Case of the Appellant in short, is that, he purchased a vehicle under hire purchase scheme from the Respondent financier, who rendered financial assistance to the tune of Rs. 3,85,000/- to facilitate purchase of the said vehicle. A loan agreement for this purpose was executed in between the parties on 31-05-2006. It is the case of the Appellant that up to 08-07-2009, he paid a sum of Rs. 4,63,650/- to the Respondent. On one occasion, the Appellant was forced to cough up Rs. 15,300/- as fine although he did not owe any amount to the Respondent. It is the further case of the Appellant that he was also forced to pay Rs. 71,000/- and Rs. 85,000/- on 06-10-2007 and 08-07-2009, respectively, after the vehicle was forcefully repossessed by the Respondent without any prior intimation or notice. Against such backdrop, the Appellant filed the complaint before the Ld. District Forum. Still the Ld. District Forum dismissed the complaint. So, this Appeal.

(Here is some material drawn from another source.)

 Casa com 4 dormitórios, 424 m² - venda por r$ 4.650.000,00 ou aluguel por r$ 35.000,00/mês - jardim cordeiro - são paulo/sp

Rival contention of the Respondent is that the Appellant is a habitual defaulter and once surrendered the vehicle for defaulting making payment of EMIs. Subsequently, after paying due amount, he took back the vehicle. However, the Appellant again failed to make timely payment. It is alleged that in order to escape payment of outstanding amount, the Appellant filed the complaint.
Decision with reasons
It appears from the impugned order that the Appellant did not pay EMIs as per payment schedule, but paid the same in a whimsical manner. The Ld. District Forum, as it transpires from the impugned order, gone at great length to verify the tall claim of the Appellant about religious compliance of his contractual obligation and eventually found that the Appellant defaulted making payment of EMIs on several occassions resulting in escalation of outstanding dues leaps and bounds. We also find that during the course of argument before the Ld. District Forum, Ld. Advocate for the Appellant could not pick any hole into the statement furnished from the side of the Respondent. No comparison statement in between schedule of payment vis-à-vis actual payment is placed either to prove the Respondent wrong. Whenever one fails/neglects to pay EMIs as per schedule, in terms of the hire purchase agreement, interest is charged over the outstanding/defaulting amount. In case one feels that there is any anomaly in the statement of account furnished from the side of the financier, it is incumbent upon the lonee to furnish a counter statement in order to earmark the loophole. However, apart from filing some payment receipts, the Appellant has not furnished any authentic/corroborative document wherefrom the deficiency in service on the part of the financier it can be ascertained. Unfortunately, nothing of this sort is placed on record from the side of the Appellant. In absence of cogent documentary proof, claims look like rhetoric and we must make it clear that we cannot adjudicate a dispute based on surmises and conjecture. The Appellant miserably failed establish his case by adducing tangible proof in support of his claim. As such, we see no reason whatsoever to interfere with the impugned order.
The Appeal, accordingly, fails.
Hence,
O R D E R E D
That FA/244/2013 be and the same is dismissed ex parte without any cost. The impugned order is hereby affirmed.